YOUR OBJECTIVE:
When you copy the data, keep every word exactly as it is and leave the pictures out.

SOURCE DATA:
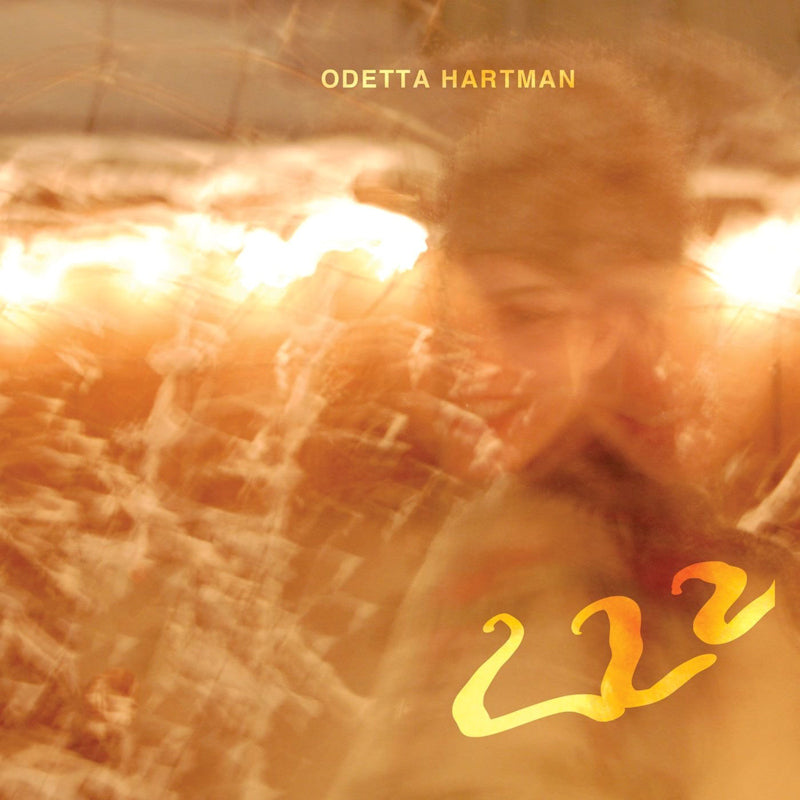 Odetta Hartman - 222 (CD)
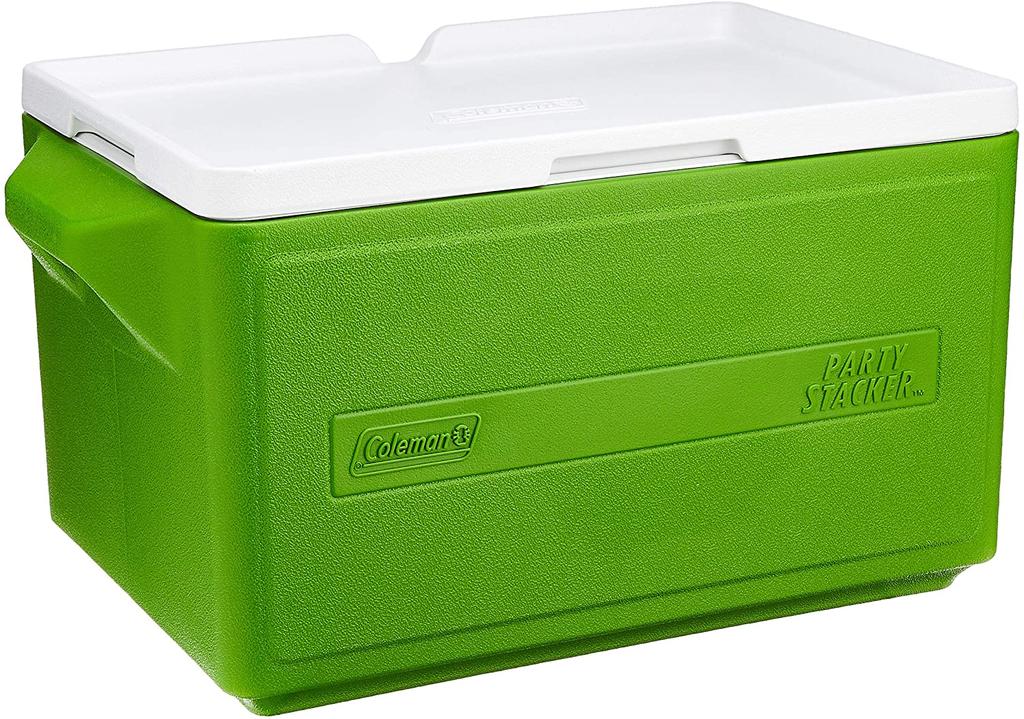 Cooler 48 Can Stacker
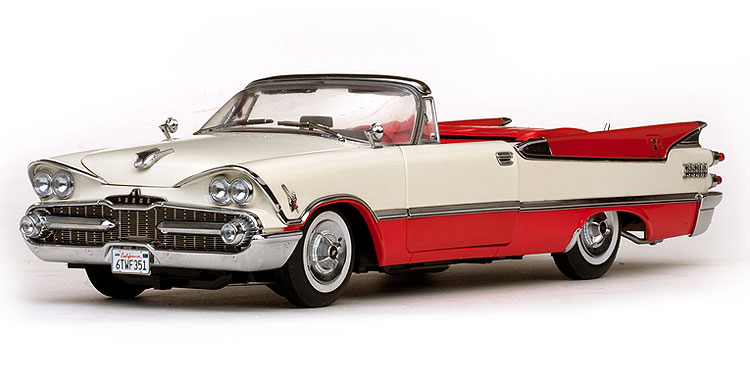 Dodge Custom Royal 1959 #9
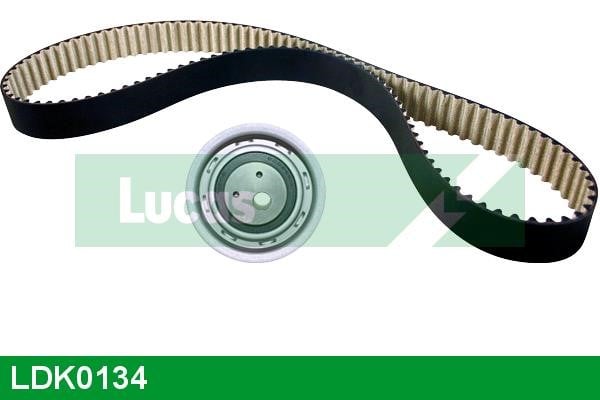 Lucas Electrical LDK0134 Комплект зубчастих ременів LDK0134: Приваблива ціна - Купити в Україні на EXIST.UA!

RESPONSE TO THIS TASK:
 Odetta Hartman - 222 (CD)
 Cooler 48 Can Stacker
 Dodge Custom Royal 1959 #9
 Lucas Electrical LDK0134 Комплект зубчастих ременів LDK0134: Приваблива ціна - Купити в Україні на EXIST.UA!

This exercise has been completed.